Jonathan Ross returns to Radio Two with sick jokes about sex with a pensionerJonathan Ross risked the wrath of BBC executives on his return to Radio 2 yesterday by making crude remarks about sleeping with an 80-year-old woman.
Ten minutes after the live show began, Ross and his co-presenter Andy Davies talked about how they had spent the past three months, when Ross was suspended from the BBC.
Davies said that he had been doing some DIY at his house in Spain, and referred to an ‘older woman’ who lives nearby who ‘keeps trying to kiss me...she must be about 80, I reckon’.
Ross replied: ‘Oh God. I think you should, just for charity. Give her one last night, will you? One last night before the grave. Would it kill you?’
It also became clear yesterday that in the 35 hours between Ross’s Friday-night BBC1 chat show being recorded and broadcast, executives carefully edited the content to ensure the controversial host put across an appropriate balance of contrition and wit.
Ross was suspended without his £6million-a-year salary after he and comedian Russell Brand left obscene messages on the answerphone of
78-year-old actor Andrew Sachs during Brand’s Radio 2 show in October.
Last night Conservative MP Philip Davies, who sits on the Commons Culture Select Committee, said of his remarks about the elderly woman: ‘Everyone knows what Jonathan Ross is like, particularly now.

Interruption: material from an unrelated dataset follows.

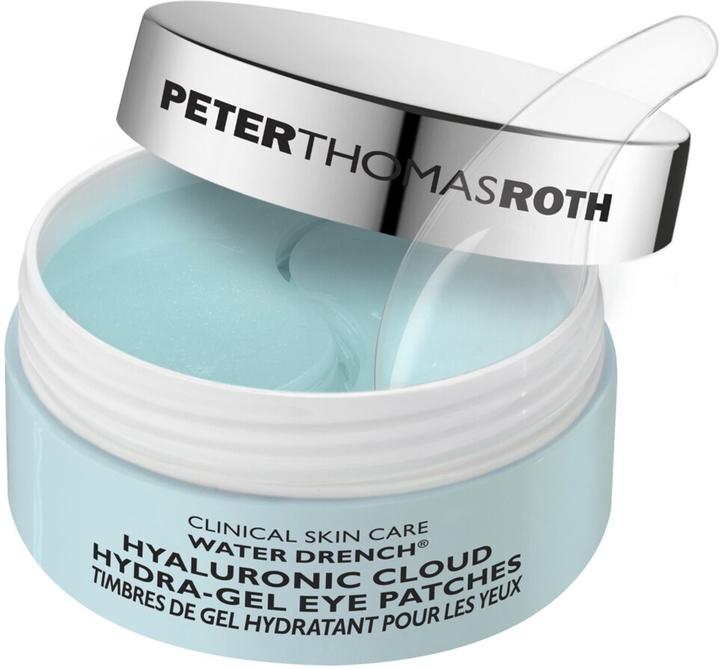 Peter Thomas Roth Water Drench Hyaluronic Cloud Hydra-Gel Eye Patches (Eye patches, 60 ml, Day)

'Certainly the BBC are well aware. If you employ Ross, this is what you can expect from him and this is what you’ll always get from him. My view is that he should have been sacked three months ago.’
John Beyer, director of pressure group Mediawatch UK, said: ‘It’s ultimately for BBC director-general Mark Thompson to say whether this sort of innuendo and suggestion is what he had in mind when he gave Jonathan Ross his last chance back in October. The BBC has to establish boundaries of acceptability.’
Ross arrived at the Radio 2 studios in Central London yesterday wearing sunglasses and a dark three-piece suit with brown leather cuffs. He carried a messenger bag by designer label Prada, costing about £210.
During his three-hour programme, he appeared to make light of the controversial subject of teenage girls – including his daughter – watching men kiss each other.
As he interviewed fellow BBC presenter Graham Norton, who is starring in a West End adaptation of gay comedy La Cage Aux Folles, Ross said that his daughter, who is 16, was ‘very much into gay culture generally’.
He added: ‘I think, like lots of young girls, she likes seeing boys kissing, for some reason. They love seeing boys kissing.’
Sounding surprised, Norton asked: ‘Really?’
Ross said: ‘Yeah. It’s the big thing, Graham.’
A BBC spokesman said it had received 18 complaints about the show. And a further 166 people have protested to the BBC about Ross being chosen to present the Bafta awards next month.
In a statement, the BBC said: ‘Some viewers are unhappy that Jonathan Ross will be presenting this year’s Baftas. This will be his third year presenting the awards, and the decision to use him as the host was taken long before his suspension.’
BBC1 executives cut several crude remarks from his Friday-night chat show before it was broadcast.
The studio audience heard Ross tell his guest Tom Cruise, in response to the actor’s admission of a hectic schedule: ‘You should get yourself suspended. Russell Brand is in town tonight. Let’s go out in town and get suspended.’
Ross made several other references to Brand during the recording, and images of Brand appeared on screens, but his name or face were not deemed fit to appear in the version that was broadcast.
One audience member said: ‘I was amazed when I walked into the studio to see a huge screen suspended above the stage showing Jonathan Ross interviewing Russell Brand.